Dayana foi encontrada morta em 2023, após ser atingida por um tiro no olho, dentro de casa, na Rua Boiobi, em Bangu. Na época, o principal suspeito era seu marido, o então cabo da Polícia Militar Luiz Felipe Perozini Cardoso.
Segundo informações, a investigação contou com imagens de câmeras de segurança e perícia da Polícia Civil, que indicaram que Perozine teria chegado à residência após o disparo que teria sido feito por Dayana.
Uma audiência sobre o caso estava marcada para o dia 27 de Abril. Nesta quinta-feira, o agora sargento Perozine foi encontrado morto.
O caso, que já era cercado de dor e questionamentos, termina de forma ainda mais trágica, marcando um desfecho triste para o casal. Talvez nunca descobriremos o que aconteceu.
A jornalsita Roberta Trindade publicou em sua página no Instagram que o sargento Luiz Felipe Perozini Cardoso, 33 anos, tirou a própria vida em sua residência, em Bangu, na Zona Oeste do Rio, nesta quinta-feira, dia 2 de abril.Em maio de 2023,
Ela escreveu que o o PM perdeu a companheira, a subtenente do Corpo de Bombeiros Dayana Brasil Tenório, 38. Ela era lotada na 2ª Odontoclínica de Campo Grande e teve uma discussão com o policial antes de morrer vítima de um disparo no rosto.
Na época, ele contou que durante uma briga ela pegou sua arma, que estava no braço do sofá, e que durante luta corporal para pegá-la de volta, acabou acontecendo o disparo acidental.
A perícia técnica, o inquérito policial instaurado pela Delegacia de Homicídios (DH) e o Processo Administrativo Disciplinar (PAD) da Polícia Militar concluíram a inocência do PM."
A ciência provou a verdade. A lógica provou a verdade. Mas o Ministério Público e o Judiciário preferiram manter viva uma agonia que ele não suportou carregar", escreveu o advogado Marlon Oliveira Nobre, que representava o sargento.

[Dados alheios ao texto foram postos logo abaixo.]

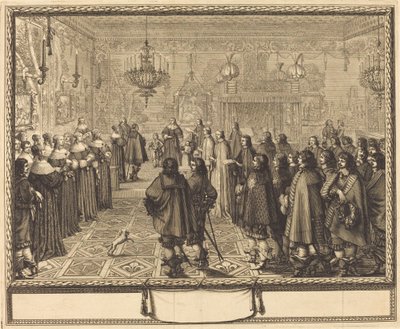 Cerimònia del contracte de matrimoni entre Vladislas IV, rei de Polònia, i Luisa Maria de Gonzaga, princesa de Màntua, a Fontainbleaufinnish tekijältä Abraham Bosse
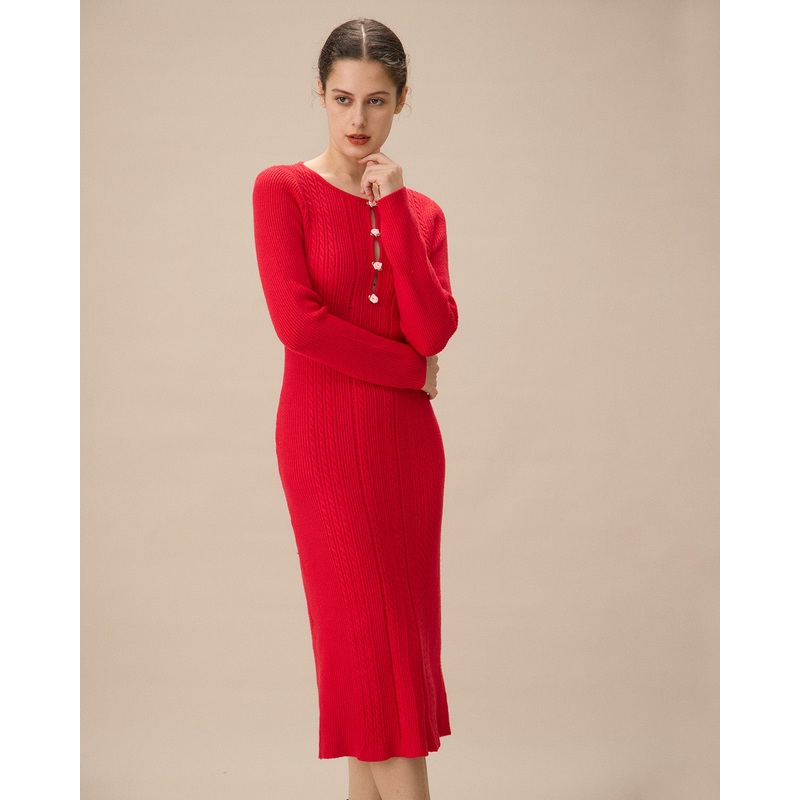 Red Cut-Out Bodycon Sweater Dress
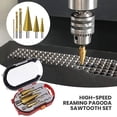 thumbnail image 2 of Agiferg High-speed Reaming Pagoda Sawtooth Set（6pcs） Triangular Shank Step Drill Serrated Drill, 2 of 9
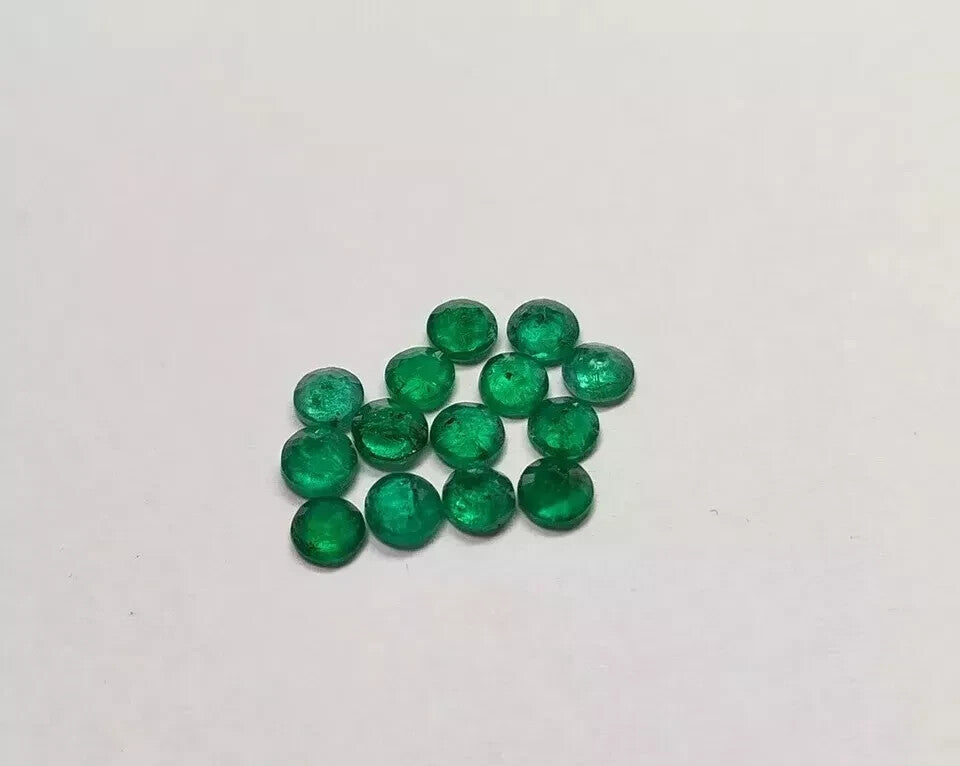 Natural Colombia Green Emerald 5 MM Round 14 Pcs Lot Certified Loose Gemstone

"O processo penal, quando usado como instrumento de tortura psicológica, mata. Lutei incansavelmente ao lado dos colegas Dr Willian Brand e Dr Vinícius Pereira para que a justiça fosse feita em vida. Infelizmente, o Estado, com sua lentidão burocrática e falta de empatia, foi mais rápido em destruir a vontade de viver de um homem bom do que em declarar sua inocência óbvia. Luiz Felipe não aguentou a dor da perda somada ao açoite da injustiça pública e institucional. Ele se foi, mas o seu nome e a verdade que defendemos até o fim permanecem", finalizou.